Interpelado pel’O Cola, Rodrigo Machado afirma que o cumprimento do PNAES não deveria nunca ter sido adiado, face à sua urgência, aproveitando ainda para criticar o governo e a sua capacidade, ou falta dela, para cumprir promessas. Também Patrícia Gilvaz faz a mesma crítica, afirmando que a construção de novas residências é «uma necessidade latente» e que é preciso pressionar os órgãos governativos. António Morgado, por sua vez, aponta para a necessidade de fiscalizar a execução das medidas, já que crê que o problema passa, também, por aí. Já o representante do PSD opta por uma abordagem mais simples, ainda que mais radical: «a solução é mudar o governo».

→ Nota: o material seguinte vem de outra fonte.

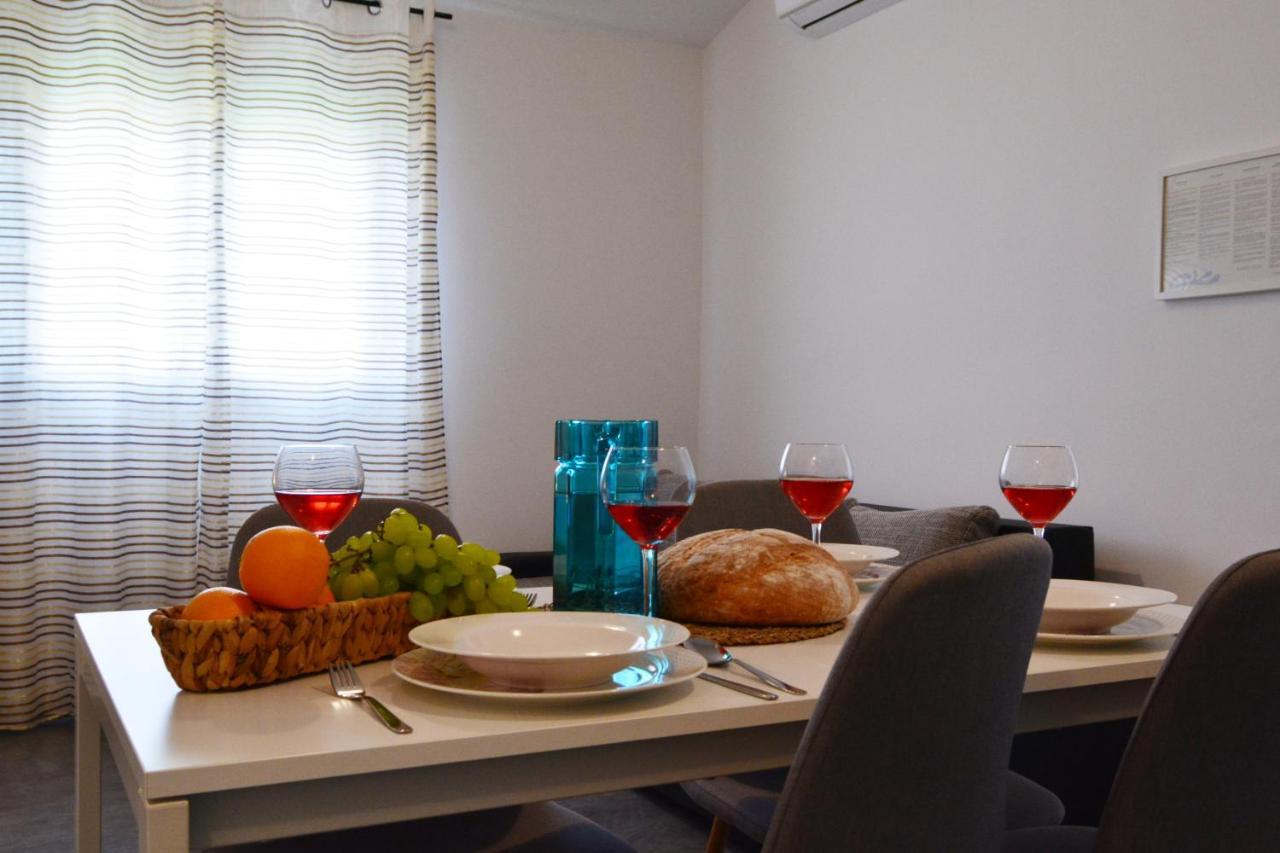 Apartman Gabriel Apartment Zadar Exterior photo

Um mês depois, contudo, a crise habitacional já não está nas bocas do mundo e parece já não preocupar tanto os nossos governantes, quando comparada às questões da TAP ou de João Galamba. O problema, contudo, persiste e foi nesse sentido que O Cola entrou em contacto com os fundadores do movimento Habitação de Abril, Beatriz Mestre, Vítor Hugo Mendonça, José Afonso Garcia e Vítor Fernandes, que nos responderam a algumas questões acerca do balanço que fazem do debate e do que o futuro ainda reserva para o movimento.

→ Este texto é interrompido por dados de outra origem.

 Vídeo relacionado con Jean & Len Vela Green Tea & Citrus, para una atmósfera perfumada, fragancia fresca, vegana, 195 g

O Cola (OC): Passado um mês, e tendo também tido oportunidade para ouvir o feedback dos estudantes, qual é a opinião dos fundadores do movimento em relação ao debate? Quais eram as vossas expectativas e de que forma é que se concretizaram, ou não?

Movimento Habitação de Abril (MHA): Depois de um mês bastante precioso para refletir e meditar acerca do debate que organizámos na FLUL, o balanço que fazemos é geralmente positivo: o debate de ideias é algo fundamental quando lidamos com qualquer problemática social, mas não significa que não exista espaço - e muito espaço - para expandir o projeto de debates sobre a habitação no futuro. A nossa expectativa passava, em grande parte, por um debate rico em ideias, em que fossem apresentadas soluções úteis e exequíveis e se sentisse algum tipo de apoio dos grupos partidários intervenientes; o que vivemos, porém, foi uma grande sessão de pancadaria partidária, que desaguou num discurso vazio e sem apresentação de soluções concretas. Mesmo que alguns dos intervenientes tenham feito muito bons diagnósticos da problemática atual, a verdade é que não nos sentimos apoiados e ouvidos o suficiente. A nossa ambição, em eventos futuros, será trazer convidados especialistas na área e com um conhecimento técnico mais relevante, de modo a enriquecer a possibilidade de alcançar soluções que melhorem a qualidade de vida dos estudantes.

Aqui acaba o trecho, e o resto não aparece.